The two-hour demonstration shut down Pacific Avenue between Iowa and Chelsea avenues to divert traffic around protestors who sat on Pacific near Brighton Avenue, near Tropicana’s main hotel entrance and valet parking line.
Tropicana refuses to continue paying into Local 54 of UNITE-HERE’s pension fund, a sticking point that brought contract negotiations to a standstill in February and led to the arrests Friday — the first in eight years linked to a demonstration by the union. In 2004, members blocked the Atlantic City Expressway where it touches Atlantic Avenue as Michigan Avenue.
Tropicana CEO Tony Rodio released a statement Friday that pointed to a bankruptcy court ruling from 2010 that exempted the property’s new owners from righting a pension system that underfunded by $1.4 billion. The company also decided to suspend a planned $100 million reinvestment in the casino if the union does not back down by fall, when renovation of hotel rooms in the North Tower is scheduled to begin. That’s part of a $25 million phase — the first of four — that already has generated new amenities including slot machines and a nightclub.
“We’ll continue with design work and all the other preparations.
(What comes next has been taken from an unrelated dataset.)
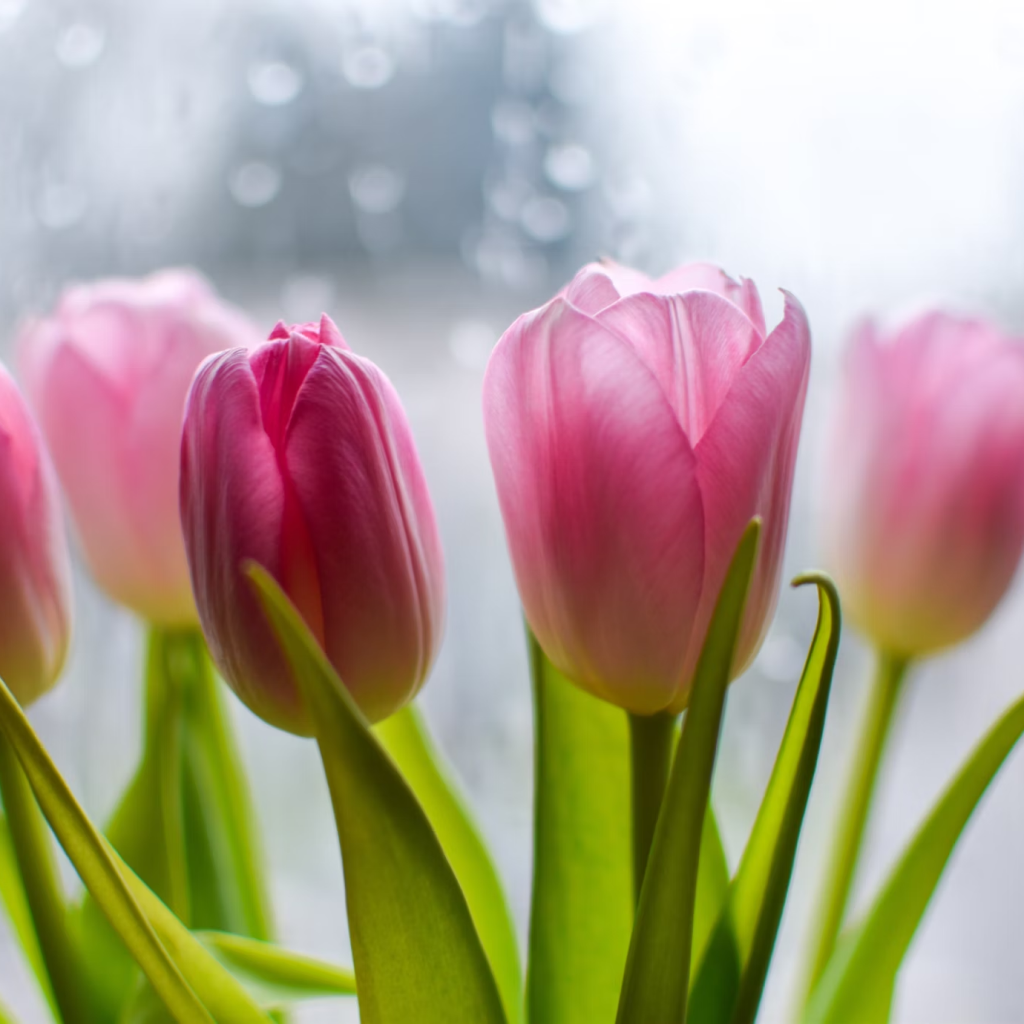 African Tulip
We’ll re-evaluate it, but unless more clarity on this situation, it’s on hold,” Rodio said by phone Friday. “When you have a union and a group of people do everything they can to disrupt your businesses, it’s not prudent to be investing in a market where there’s that much uncertainty.”
Union President Bob McDevitt, who was the last one handcuffed, and the others driven away in an Atlantic County Sheriff’s bus set themselves apart by wearing neon green shirts. McDevitt said he ran background checks on union members who volunteered to be arrested to prevent complications and also met in advance with city officials.
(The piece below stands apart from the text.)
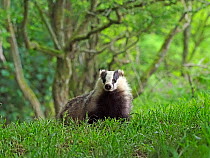 European badger (Meles meles) cub in woodland. Scotland, UK. June.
Each person arrested was charged with two disorderly persons offenses: One for obstructing a highway and the other for refusing to obey an official request or order to move. Everyone was processed in about an hour on a summons to appear in municipal court. At that time, a fine will be assessed with a maximum of $500 per person or a maximum imprisonment of 30 days in jail.
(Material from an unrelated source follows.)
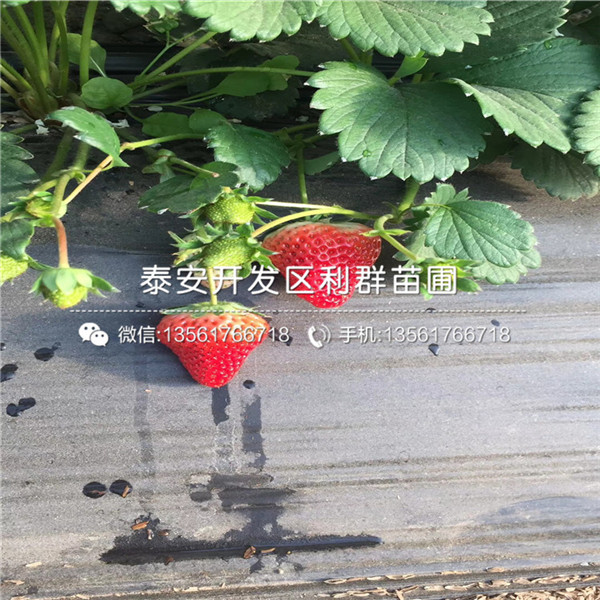 2018年波特拉草莓苗、波特拉草莓苗出售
The rally, which started at 5 p.m. on the Boardwalk on the opposite side of the casino, broke up around 7 p.m. That’s when Phish was scheduled to start the first of three performances this weekend at Bader Field. McDevitt said the concert didn’t play a role scheduling the event, but that he believes the presence of additional people can only be beneficial to the union’s cause.
City officials said the demonstration did not significantly affect traffic already congested due to the concert.
But Rodio criticized Local 54’s timing. “Atlantic City is in critical condition and at a crossroads,” Rodio said. “But … Local 54 continues to engage in tactics that drive business away from Atlantic City precisely at a time when all of Atlantic City leadership should be coming together to create a positive environment for our guests.”